The desire to involve the local area I’ve mentioned a few times in this piece was even able to find roots here during the concert itself. Local schoolchildren were used to create a chorus for one of the slower ballads the group performed, a beautiful touch accentuated by drawings from these children also featuring prominently on the stage. This was a celebration of the city of Kurobe, its people and its scenery. Videos played during small breaks featured the city and its mountainous surroundings, the mascot for Kurobe made a brief appearance, it was a wonderful salute to the people who made the event possible.
Over 30,000 fans attended these events over the course of two days, and while there will have been overlap in those numbers due to some people (like me) attending both concerts, it still can’t be overstated how impressive and successful such an event held in such a remote area of Japan was in galvanizing a group of fans to converge on this city. After each concert our ragtag group of friends converged on a local restaurant for food and drinks, businesses open to and welcoming of fans, some of whom were fans themselves. I had the opportunity to try local specialties like salmon sushi and bask in the warm hospitality of the people.

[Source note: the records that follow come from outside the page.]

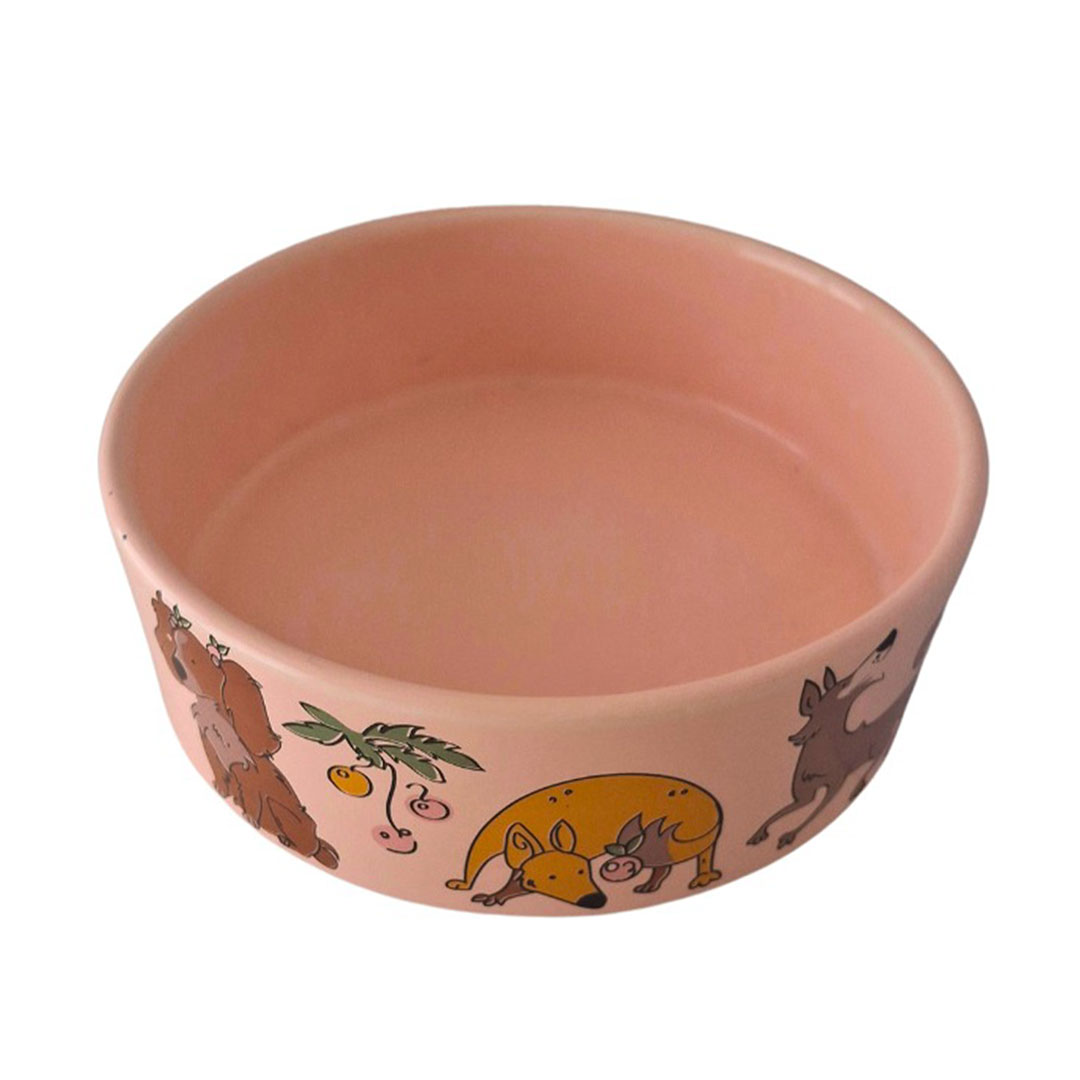 ظرف سرامیکی سگ اسکارلت 17 سانتی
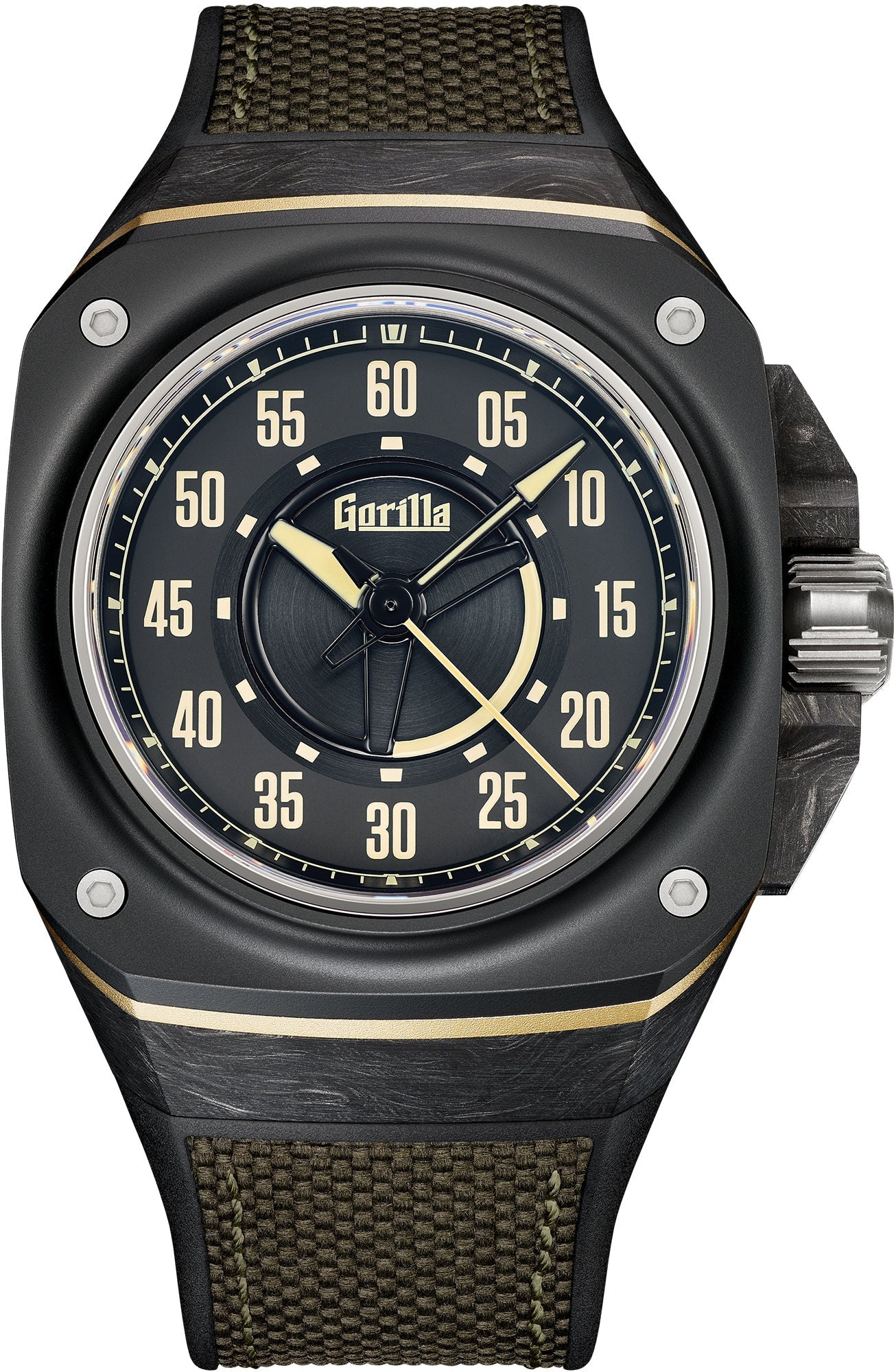 Gorilla Watch Fastback Phantom Black - Black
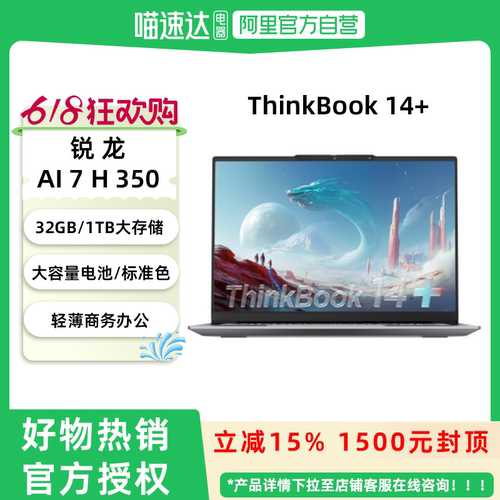 ThinkPad联想ThinkBook 14+轻薄办公笔记本电脑：81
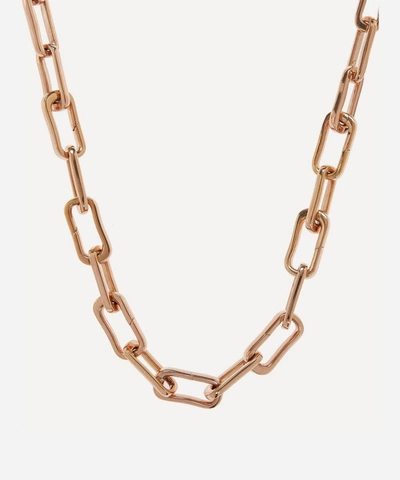 Monica Vinader Rose Gold Plated Vermeil Silver Alta Capture Charm Necklace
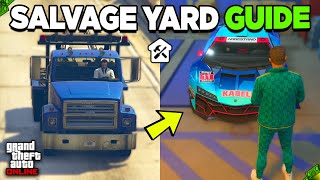 GTA 5 Online: Ultimate SALVAGE YARD Solo Money Guide (2024)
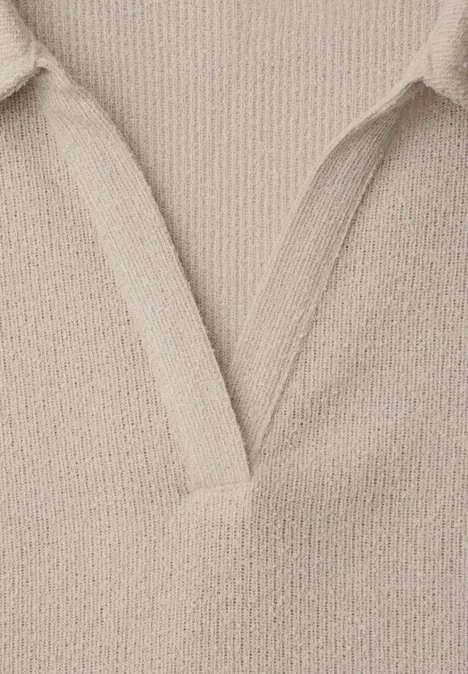 Polo à manches courtes en couleur unie clay sand Polo à manches courtes en couleur unie clay sand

‘Momoiro Clover Z is a community, a family.’ To me, this refers not just to the fans of this group but to events like this, the group being a catalyst that brings people together. As much as it was about the music and the group it was about the local city, it was about tourism and it was about the fans of the group. It was a celebration. You can’t discuss it as a concert as it was so much more than that. I met people of all ages from all around Japan, I met people from all walks of life who each welcomed me with open arms. Many had produced their own gifts from colored wrist straps to hair bobbles, others bringing sweets and chocolate, all with the express purpose of sharing them with others and making connections.
Momoiro Clover Z is a group going through changes, ones still being felt during this Spring concert. I wrote about how 2018 was a transitional 10th-anniversary for the group and this transition is still going on. In many ways, the group is going through a reset in expectations musically with its changed lineup following Ariyasu Momoka’s graduation that will conclude with this Diamond Four releasing a brand new self-titled album later this month. Yet for all the change they’re going through, the family and community ideals have stayed strong, and nothing emphasized this more than this concert. From here, and from this new album, they work towards this summer, and towards their own self-stated goal of 2020. This concert shows they’re stronger than ever, and their fans, their community, is standing right alongside them, wherever they go next.